Any idea why it bans magpie-crawler though? It's a funny way to ban a spider too; if one wants to misbehave, it can start with simply ignoring the kind request anyway.
I was not involved in creation of that file, so I cannot comment on magpie. However, having looked at it, I don't think that exclusion is sufficient to address my earlier warning. Once a spider finds a topic, each topic has within it links to the individual posts of that thread, so a 25-post topic will be downloaded 26 times: once as a topic, and once as each of its 25 posts. As the number of posts increase, the problem gets worse. Those robots.txt exclusions might keep a crawler from getting topic index lists, but if the user provides a link to a topic, the crawler can hop from thread to thread using the next/previous links.
No, I think the first part of robots.txt (for all browsers) is a good instruction for well behaved crawlers, since it does allow indexing of content with permanent addresses, while filtering out the volatile queries.
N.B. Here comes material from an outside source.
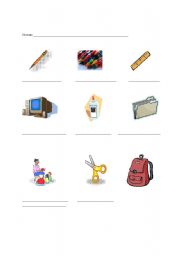 English Worksheet: Back to School Word Match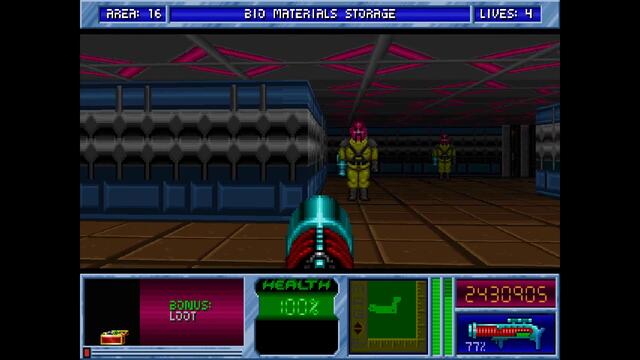 Blake Stone Planet Strike HD - Area 16 Bio Materials Storage - Veteran - All Secrets [MS DOS]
Links to individual posts shouldn't be a problem either, since that #part is only a reference to ID attribute in a html element within the same document. Clicking on those links doesn't refresh page either, browser just jumps to the position. Unless there are some other links to posts I'm not aware of?
It's the second part, for magpie, that baffles me.
When viewing the thread, for each post, there is an icon that links to [post]8833110[/post], [post]8833113[/post], etc. Those are all separate URLs from the thread itself, although their content is largely duplicative. You are right that those also have a fragment to jump the browser to the specific post, but my concern is that a crawler that is trying to mirror everything would retrieve each of those [post] links individually.
Wow, you got me on this one. It actually uses post ID in the path followed by post ID in element instead of the thread and page in path followed by post ID in element. Ok, now that IS actually a problem.